## Action item
Output the full listing below exactly as it reads, and skip anything that is a picture.

## Source data
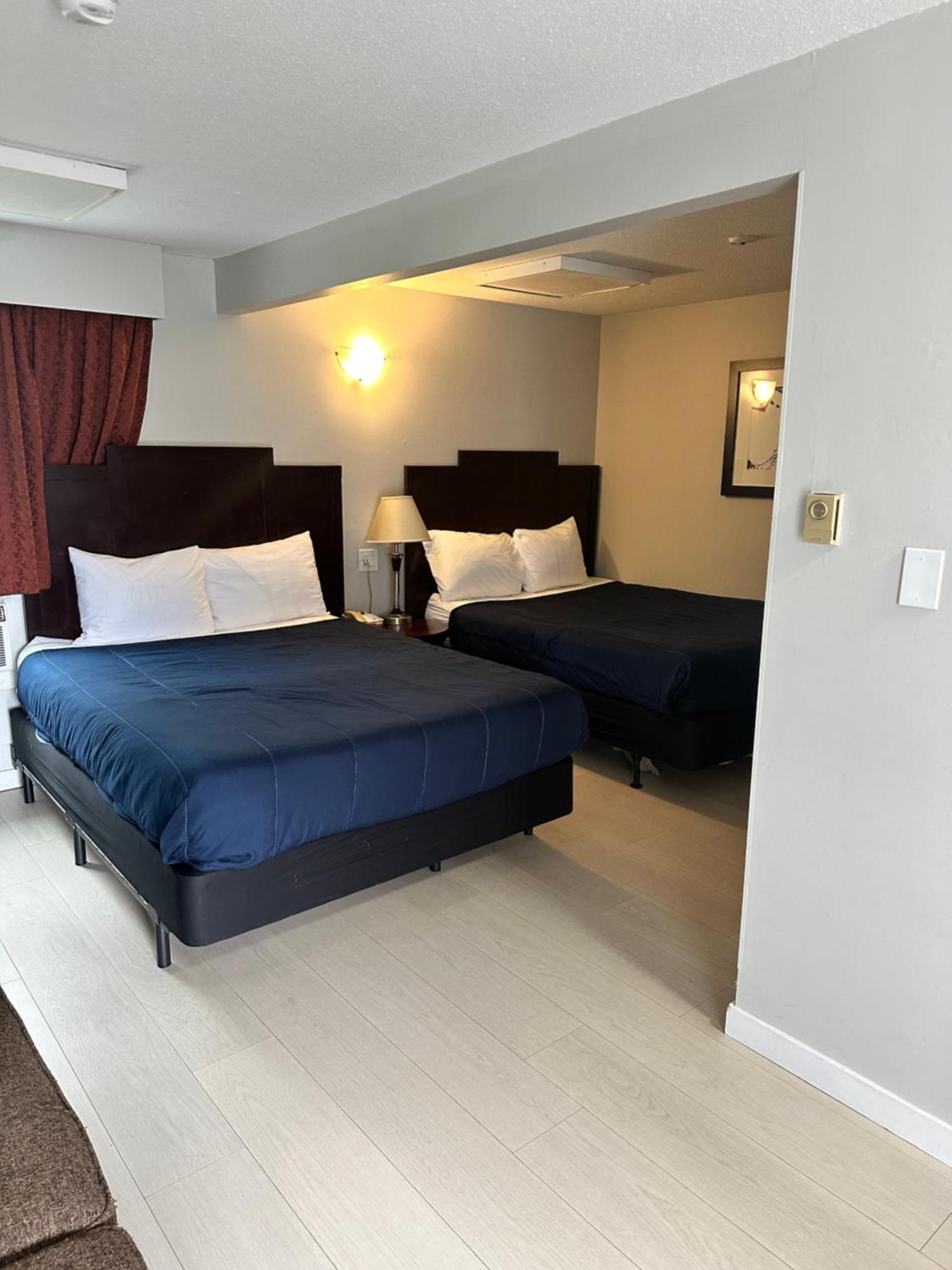 Travelodge By Wyndham Langley Esterno foto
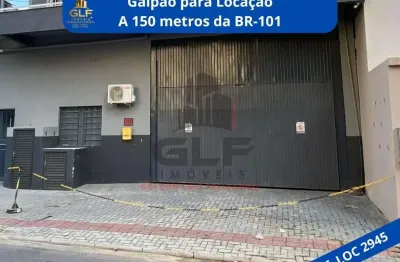 Galpão para locação em itapema/sc  bairro morretes, com 209m², 1 vestiário, 1 escritório e 1 banheiro. ótima localização! investimento. 150m da br-101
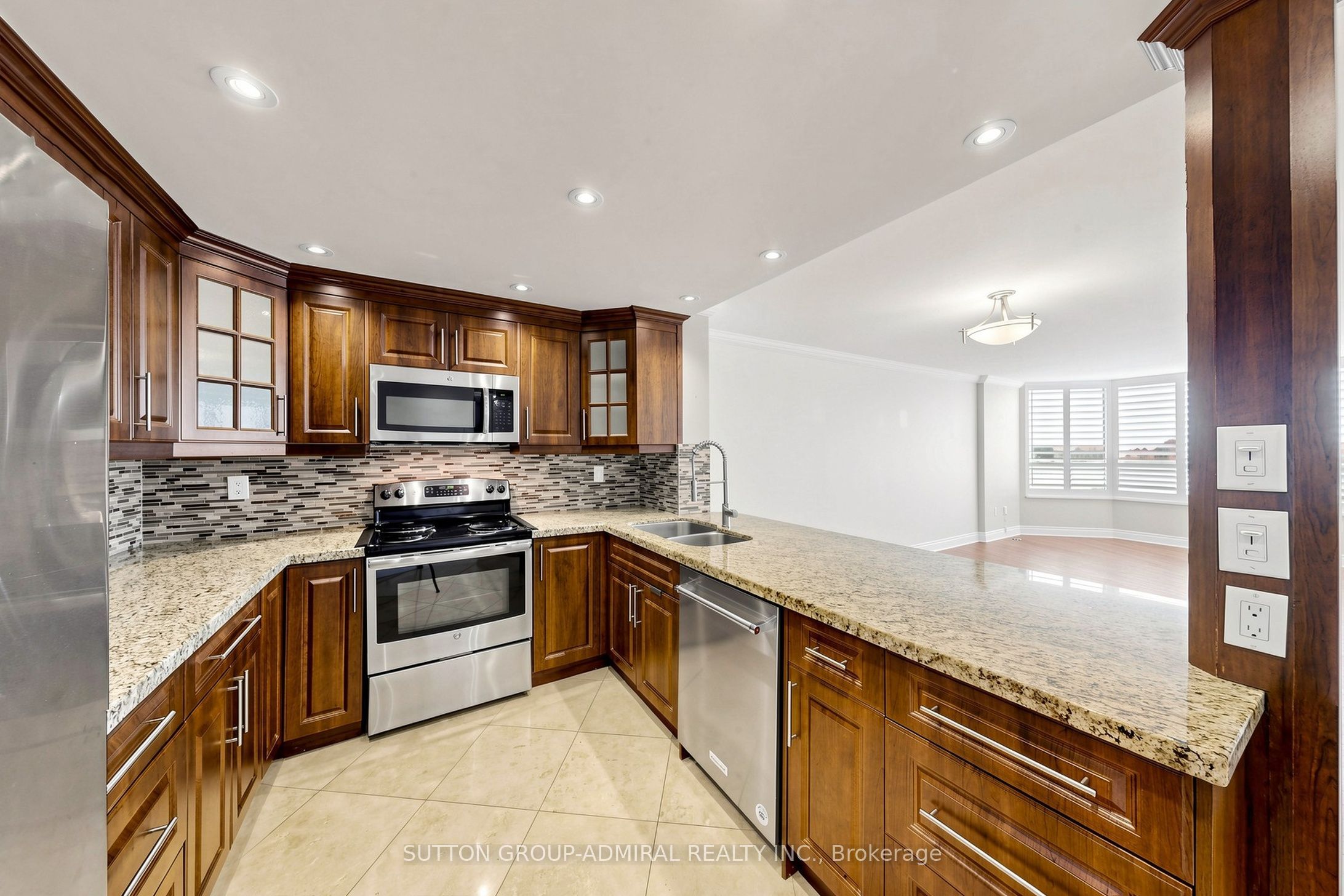 7460 Bathurst Street 806 Property Photo 10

## Result of this exercise
 Travelodge By Wyndham Langley Esterno foto
 Galpão para locação em itapema/sc  bairro morretes, com 209m², 1 vestiário, 1 escritório e 1 banheiro. ótima localização! investimento. 150m da br-101
 7460 Bathurst Street 806 Property Photo 10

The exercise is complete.